Kafka Fundamentals

This is about (java) producers, consumers and the cluster itself, i.e. topic partitions, replicas etc.
It's not about e.g. Kafka Connect, Kafka Streams or 3rd party client libraries like spring-kafka or reactor-kafka.

(For Kafka 3.x)

(if you find a potential improvement please submit a pull request here)

agenda

High level overview
Kafka cluster
Producers
Consumers
Transactional Messaging

high level overview

what is kafka?

Kafka is an event streaming platform, combining three key capabilities:

To publish (write) and subscribe to (read) streams of events
To store streams of events durably and reliably for as long as you want
To process streams of events as they occur or retrospectively

it's a log: an ordered, persistent sequence of events

events are organized in topics

topics are split into partitions

producers write to topic partitions

consumers read from topic partitions

that's it?

kafka cluster

replicated logs — leaders and replicas

replicated logs — broker (default) config

num.partitions=3 – default number of log partitions per topic (default: 1)
default.replication.factor=3 – default replication factors for automatically created topics (Kafka default: 1, MSK default: 3 for 3-AZ clusters, 2 for 2-AZ clusters)
log.retention.hours – time to keep a log file (default: 168 = 7d)
auto.create.topics.enable – allow automatic topic creation on the broker when subscribing to or assigning a topic (Kafka default: true, MSK default: false)

source: Kafka config / MSK default config

replicated logs — topic creation/config

$ bin/kafka-topics.sh --create --topic my-topic \
--partitions 5 \
--replication-factor 3 \
--config retention.ms=864000000

replicated logs — in-sync replicas (ISR)

min.insync.replicas – the minimum number of replicas that must acknowledge a write to be considered successful, if used with "acks=all" (Kafka default: 1, MSK default: 2 for 3-AZ clusters, 1 for 2-AZ clusters)
A typical scenario would be replication factor 3, min.insync.replicas=2, and produce with acks=all

leader election

Is triggered when a leader replica fails, or when a new replica is added to a partition
Controlled by the Kafka broker that acts as the (*active) controller for the cluster

leader election - related config

replication.factor – the more replicas, the more fault-tolerant the partition is
min.insync.replicas – helps prevent data loss in case of leader failure
unclean.leader.election.enable – controls whether the leader can be elected from an out-of-sync replica – if true, availability is preferred over consistency/durability (Kafka default: false, MSK default: true)

that's the cluster (?)

the java producer

java producer overview

connect to broker(s) and cache metadata
send records to broker(s) / leaders
1. serialize key/value
2. select topic partition to write to
3. maybe compress data
4. buffer/accumulate messages
5. send message batches

connect to broker(s) and cache metadata

bootstrap.servers – list of host/port pairs for establishing the initial connection to the cluster.

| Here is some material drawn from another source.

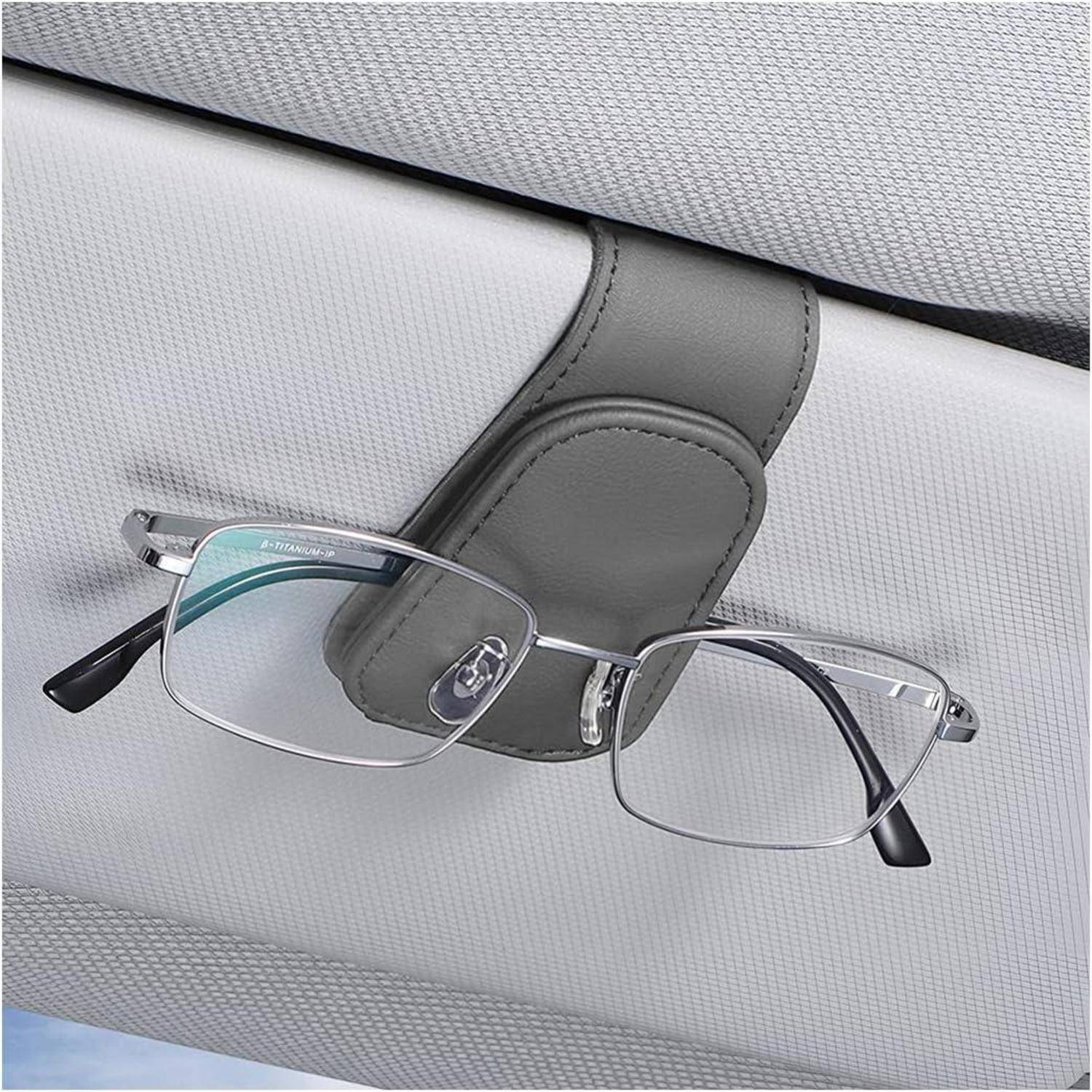 Brillenhalter Auto Sonnenblende Visier Magnet Leder Clip Grau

Is used to discover the full set of servers/brokers
At least 2 are recommended for fault-tolerance
The bootstrap server returns list of all brokers in the cluster and all metadata like topics, partitions, partition leader, replication factor etc.
metadata.max.age.ms – update metadata even if there's no leadership change happening due to new brokers or topics / partitions (default: 5 min)

producer record

If timestamp is not provided, the producer will stamp the record with its current time
Headers are useful to additionally describe the message or value, e.g. to allow consumers to decide about the deserializer, or information useful for monitoring
Also value can be null – tombstone for compacted topics

serialize key/value

key.serializer – Serializer class for key, e.g. ...StringSerializer
value.serializer – Serializer class for value, e.g. ...ByteArraySerializer
Not covered here: Confluent Schema Registry

select topic partition

Messages with the same key are written to the same partition – ordering is provided

buffer/accumulate messages

The send() method is asynchronous, it adds the record to a buffer of pending record sends and immediately returns. This allows the producer to batch together individual records for efficiency.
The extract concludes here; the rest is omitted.